(Web page caption snippets)
-------------------------
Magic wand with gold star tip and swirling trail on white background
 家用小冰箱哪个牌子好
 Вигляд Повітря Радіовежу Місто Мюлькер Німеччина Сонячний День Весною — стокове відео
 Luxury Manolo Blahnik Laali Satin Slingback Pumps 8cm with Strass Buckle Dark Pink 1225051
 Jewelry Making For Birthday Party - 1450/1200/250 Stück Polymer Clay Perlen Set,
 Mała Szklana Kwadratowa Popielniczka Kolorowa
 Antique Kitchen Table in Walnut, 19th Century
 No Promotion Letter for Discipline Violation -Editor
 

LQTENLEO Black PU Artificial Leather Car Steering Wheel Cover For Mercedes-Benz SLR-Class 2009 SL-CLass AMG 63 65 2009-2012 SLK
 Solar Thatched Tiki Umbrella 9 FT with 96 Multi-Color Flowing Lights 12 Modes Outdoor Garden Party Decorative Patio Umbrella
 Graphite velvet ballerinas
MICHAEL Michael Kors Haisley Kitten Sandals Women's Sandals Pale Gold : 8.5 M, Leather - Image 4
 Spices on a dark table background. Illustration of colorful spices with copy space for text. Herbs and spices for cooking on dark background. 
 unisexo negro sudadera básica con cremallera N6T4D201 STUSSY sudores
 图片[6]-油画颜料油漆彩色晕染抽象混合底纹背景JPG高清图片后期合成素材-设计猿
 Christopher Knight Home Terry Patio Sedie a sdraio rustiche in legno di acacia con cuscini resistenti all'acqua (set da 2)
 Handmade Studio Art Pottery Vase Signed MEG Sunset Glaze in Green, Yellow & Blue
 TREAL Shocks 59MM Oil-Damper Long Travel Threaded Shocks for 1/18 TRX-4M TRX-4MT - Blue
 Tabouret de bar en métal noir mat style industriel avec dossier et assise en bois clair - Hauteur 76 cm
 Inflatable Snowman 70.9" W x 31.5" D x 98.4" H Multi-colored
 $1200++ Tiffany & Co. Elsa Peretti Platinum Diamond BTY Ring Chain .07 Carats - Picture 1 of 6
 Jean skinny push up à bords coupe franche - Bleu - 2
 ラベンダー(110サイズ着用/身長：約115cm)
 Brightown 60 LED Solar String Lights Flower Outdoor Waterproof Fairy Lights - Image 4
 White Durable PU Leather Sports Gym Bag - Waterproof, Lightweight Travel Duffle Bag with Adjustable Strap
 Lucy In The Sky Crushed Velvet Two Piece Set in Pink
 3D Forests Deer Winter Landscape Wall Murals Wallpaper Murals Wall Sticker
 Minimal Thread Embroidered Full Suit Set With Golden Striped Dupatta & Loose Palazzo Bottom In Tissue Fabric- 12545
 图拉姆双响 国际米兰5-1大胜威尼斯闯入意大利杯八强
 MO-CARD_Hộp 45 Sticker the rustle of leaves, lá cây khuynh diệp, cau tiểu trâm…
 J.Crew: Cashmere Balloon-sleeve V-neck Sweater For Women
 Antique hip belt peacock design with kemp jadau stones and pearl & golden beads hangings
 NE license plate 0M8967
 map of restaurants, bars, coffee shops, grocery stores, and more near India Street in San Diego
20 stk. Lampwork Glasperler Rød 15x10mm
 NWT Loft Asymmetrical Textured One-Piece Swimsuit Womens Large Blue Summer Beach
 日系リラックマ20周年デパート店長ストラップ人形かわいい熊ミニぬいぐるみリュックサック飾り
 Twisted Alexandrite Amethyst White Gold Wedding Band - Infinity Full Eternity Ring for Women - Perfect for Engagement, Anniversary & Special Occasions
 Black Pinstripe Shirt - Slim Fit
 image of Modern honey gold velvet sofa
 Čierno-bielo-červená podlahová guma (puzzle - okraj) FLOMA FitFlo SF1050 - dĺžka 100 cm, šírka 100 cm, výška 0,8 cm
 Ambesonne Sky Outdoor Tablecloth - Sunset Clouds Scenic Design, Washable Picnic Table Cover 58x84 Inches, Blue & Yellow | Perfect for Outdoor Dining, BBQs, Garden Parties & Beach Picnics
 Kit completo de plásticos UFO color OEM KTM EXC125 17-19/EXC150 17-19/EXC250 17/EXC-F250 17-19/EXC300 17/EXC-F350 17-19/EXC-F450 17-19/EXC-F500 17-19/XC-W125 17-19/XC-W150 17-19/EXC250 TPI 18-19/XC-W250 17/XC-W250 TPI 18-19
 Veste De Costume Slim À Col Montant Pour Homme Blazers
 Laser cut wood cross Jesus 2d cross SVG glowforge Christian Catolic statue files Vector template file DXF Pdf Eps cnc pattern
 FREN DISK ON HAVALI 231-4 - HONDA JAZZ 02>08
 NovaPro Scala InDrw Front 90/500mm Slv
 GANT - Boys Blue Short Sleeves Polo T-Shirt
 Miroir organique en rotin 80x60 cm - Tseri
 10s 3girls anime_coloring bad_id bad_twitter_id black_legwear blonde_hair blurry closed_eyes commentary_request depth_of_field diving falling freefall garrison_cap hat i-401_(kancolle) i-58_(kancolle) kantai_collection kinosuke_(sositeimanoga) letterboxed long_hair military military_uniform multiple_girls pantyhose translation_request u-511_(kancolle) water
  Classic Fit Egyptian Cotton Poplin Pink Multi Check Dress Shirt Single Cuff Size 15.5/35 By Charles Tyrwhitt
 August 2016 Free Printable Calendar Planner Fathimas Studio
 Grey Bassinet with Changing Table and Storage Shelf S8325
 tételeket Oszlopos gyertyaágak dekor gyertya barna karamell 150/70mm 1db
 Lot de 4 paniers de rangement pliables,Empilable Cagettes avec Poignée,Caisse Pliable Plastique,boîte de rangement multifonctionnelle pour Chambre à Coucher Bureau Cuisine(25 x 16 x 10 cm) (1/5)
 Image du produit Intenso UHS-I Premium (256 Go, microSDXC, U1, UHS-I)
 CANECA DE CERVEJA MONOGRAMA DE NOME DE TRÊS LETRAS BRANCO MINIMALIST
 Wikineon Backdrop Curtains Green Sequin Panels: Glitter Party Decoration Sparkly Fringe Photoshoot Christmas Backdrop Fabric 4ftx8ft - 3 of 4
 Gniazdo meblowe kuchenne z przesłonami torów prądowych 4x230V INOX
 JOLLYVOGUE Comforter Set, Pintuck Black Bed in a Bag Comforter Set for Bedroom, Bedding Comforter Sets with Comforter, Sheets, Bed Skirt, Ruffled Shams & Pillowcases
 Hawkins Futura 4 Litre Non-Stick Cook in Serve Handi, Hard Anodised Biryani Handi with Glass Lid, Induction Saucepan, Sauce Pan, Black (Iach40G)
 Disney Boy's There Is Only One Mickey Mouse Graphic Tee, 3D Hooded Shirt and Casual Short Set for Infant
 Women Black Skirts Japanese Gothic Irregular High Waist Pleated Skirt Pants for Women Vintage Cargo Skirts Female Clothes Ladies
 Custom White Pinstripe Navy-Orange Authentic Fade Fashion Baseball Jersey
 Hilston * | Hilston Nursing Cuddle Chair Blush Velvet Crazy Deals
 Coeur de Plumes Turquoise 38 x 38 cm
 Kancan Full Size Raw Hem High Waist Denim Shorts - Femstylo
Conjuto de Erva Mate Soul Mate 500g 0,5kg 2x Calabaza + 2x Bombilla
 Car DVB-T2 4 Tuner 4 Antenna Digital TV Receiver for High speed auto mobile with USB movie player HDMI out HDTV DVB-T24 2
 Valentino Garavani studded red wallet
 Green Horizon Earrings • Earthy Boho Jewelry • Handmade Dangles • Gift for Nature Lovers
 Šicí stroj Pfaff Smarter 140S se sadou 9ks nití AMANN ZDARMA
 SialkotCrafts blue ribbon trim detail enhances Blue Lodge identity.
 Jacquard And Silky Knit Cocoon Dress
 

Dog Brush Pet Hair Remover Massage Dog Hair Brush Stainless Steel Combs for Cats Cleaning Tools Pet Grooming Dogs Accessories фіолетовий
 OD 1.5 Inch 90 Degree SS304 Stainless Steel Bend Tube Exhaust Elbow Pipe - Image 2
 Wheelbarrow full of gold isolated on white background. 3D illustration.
-------------------------
- _What is required_:
In the entries above, find the line holding "Luxury Manolo Blahnik" and the line holding "Antique Kitchen Table", then retype exactly those two lines and every line between them, and nothing else.

- _Reply_:
 Luxury Manolo Blahnik Laali Satin Slingback Pumps 8cm with Strass Buckle Dark Pink 1225051
 Jewelry Making For Birthday Party - 1450/1200/250 Stück Polymer Clay Perlen Set,
 Mała Szklana Kwadratowa Popielniczka Kolorowa
 Antique Kitchen Table in Walnut, 19th Century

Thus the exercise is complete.